→ **Available data**:
++++++++++++++++++++
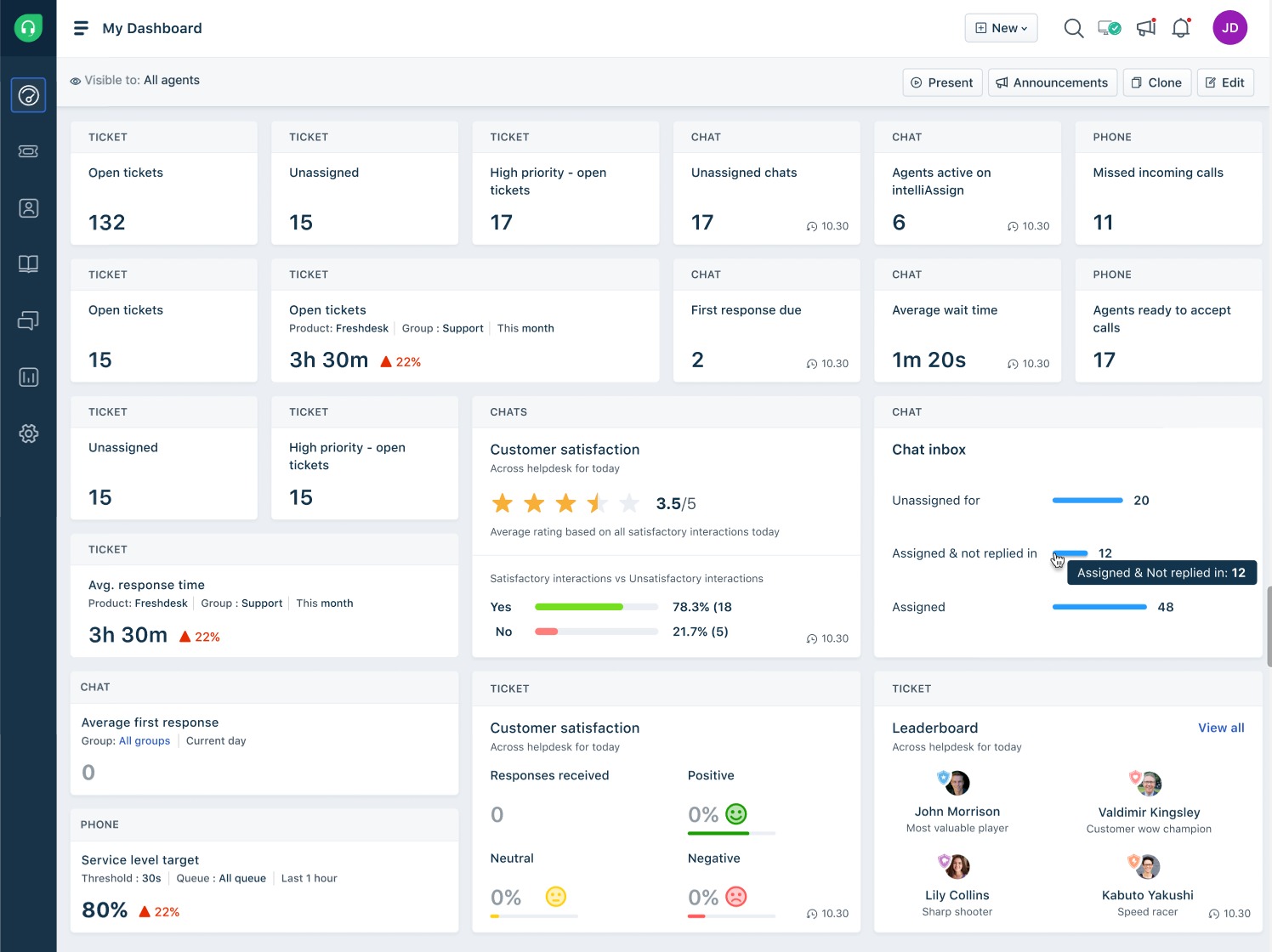 Freshdesk Dashboard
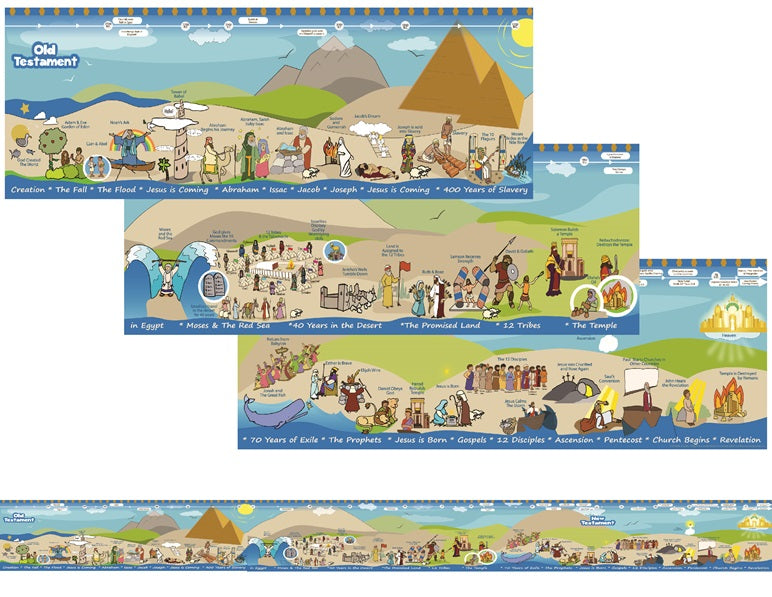 Poster sections of the Bible Story Timeline for kids.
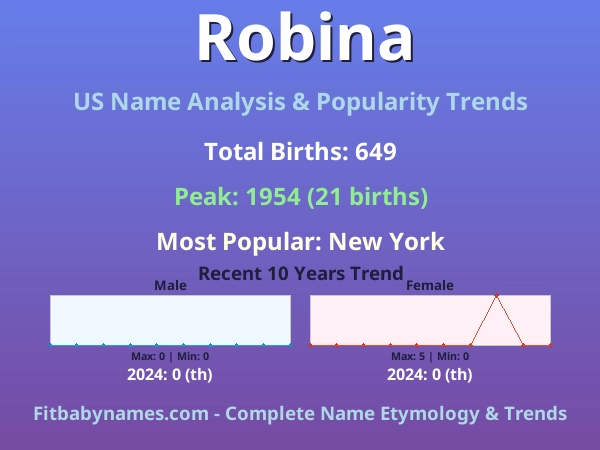 Infographic: Robina name meaning, origin, and popularity trends in the United States (US baby name analysis chart)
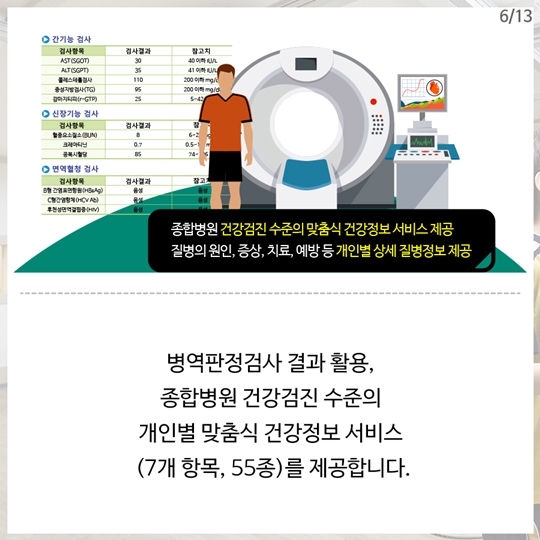 대한민국 청년들의 심신 건강 체크 타임! 병역판정검사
++++++++++++++++++++
→ **What needs to be done**: Only the lines from the one with "Infographic: Robina name" through the end of the listing should be transcribed, exactly and without pictures.

→ **Exercise result**:
 Infographic: Robina name meaning, origin, and popularity trends in the United States (US baby name analysis chart)
 대한민국 청년들의 심신 건강 체크 타임! 병역판정검사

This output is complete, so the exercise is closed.